Repeat the entries exactly, and do not carry the pictures over.
-- Data under study follows --
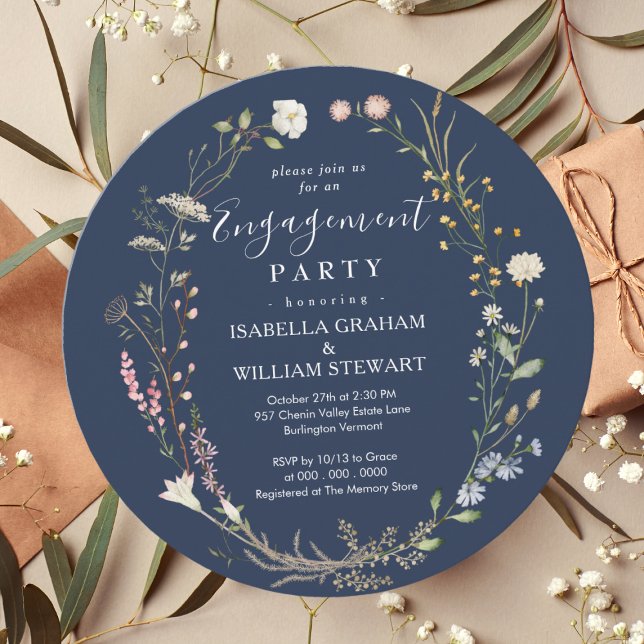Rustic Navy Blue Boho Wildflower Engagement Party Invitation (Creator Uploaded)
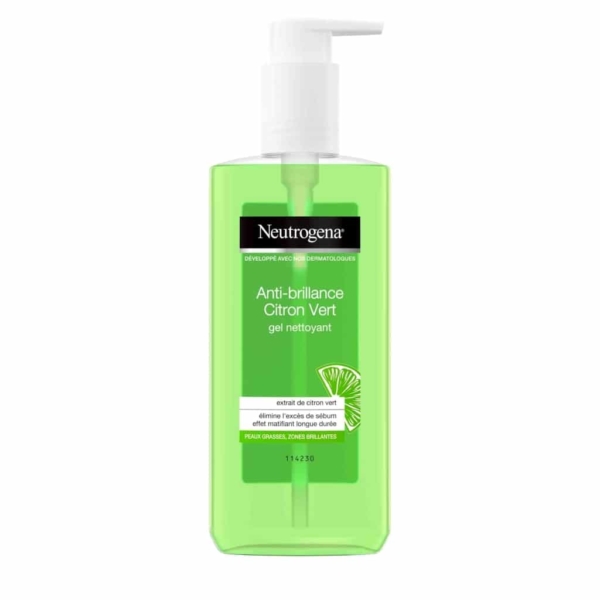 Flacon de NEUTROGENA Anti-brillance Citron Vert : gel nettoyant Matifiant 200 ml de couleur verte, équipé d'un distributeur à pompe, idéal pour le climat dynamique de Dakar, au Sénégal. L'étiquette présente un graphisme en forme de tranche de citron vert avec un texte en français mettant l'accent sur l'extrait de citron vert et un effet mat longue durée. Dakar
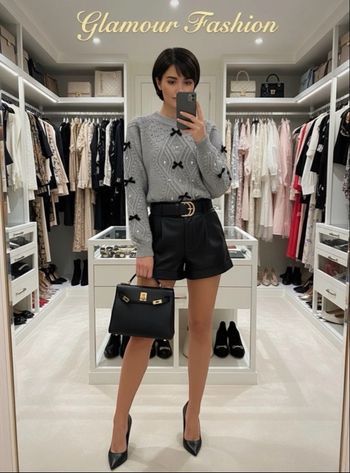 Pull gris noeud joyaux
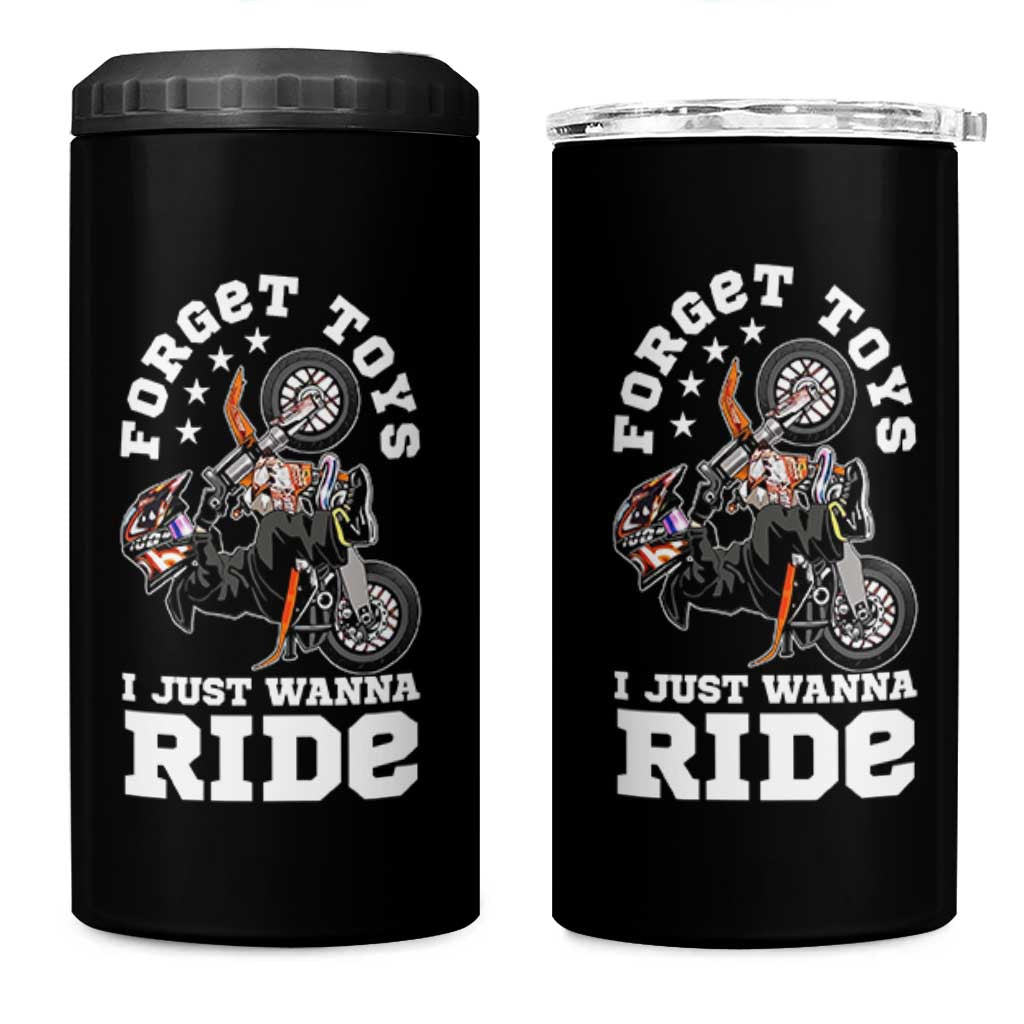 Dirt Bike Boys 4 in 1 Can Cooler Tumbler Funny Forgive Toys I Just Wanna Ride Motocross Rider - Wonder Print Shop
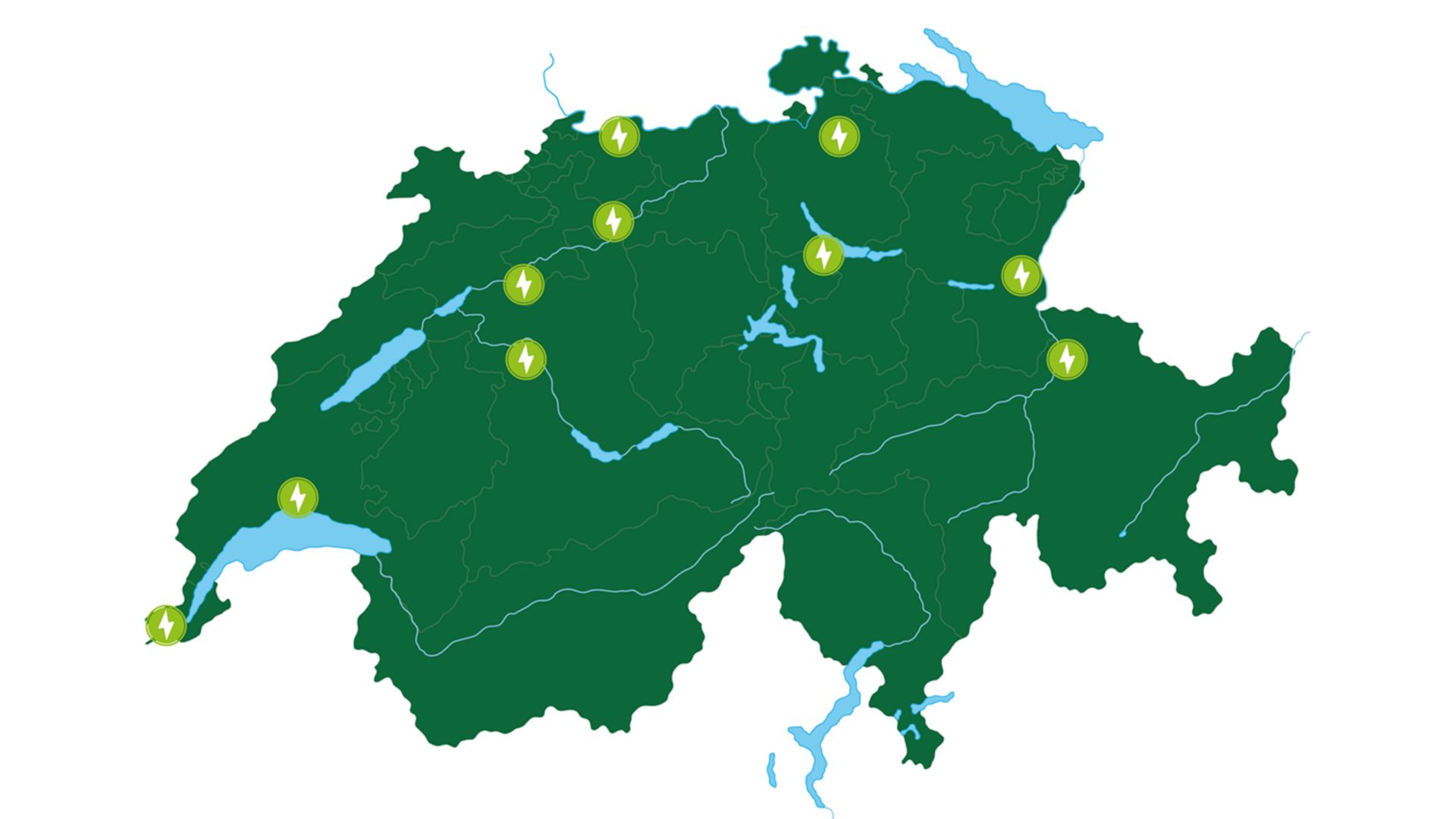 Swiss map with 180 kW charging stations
-- Data under study concluded --
◆ Your response
Rustic Navy Blue Boho Wildflower Engagement Party Invitation (Creator Uploaded)
 Flacon de NEUTROGENA Anti-brillance Citron Vert : gel nettoyant Matifiant 200 ml de couleur verte, équipé d'un distributeur à pompe, idéal pour le climat dynamique de Dakar, au Sénégal. L'étiquette présente un graphisme en forme de tranche de citron vert avec un texte en français mettant l'accent sur l'extrait de citron vert et un effet mat longue durée. Dakar
 Pull gris noeud joyaux
 Dirt Bike Boys 4 in 1 Can Cooler Tumbler Funny Forgive Toys I Just Wanna Ride Motocross Rider - Wonder Print Shop
 Swiss map with 180 kW charging stations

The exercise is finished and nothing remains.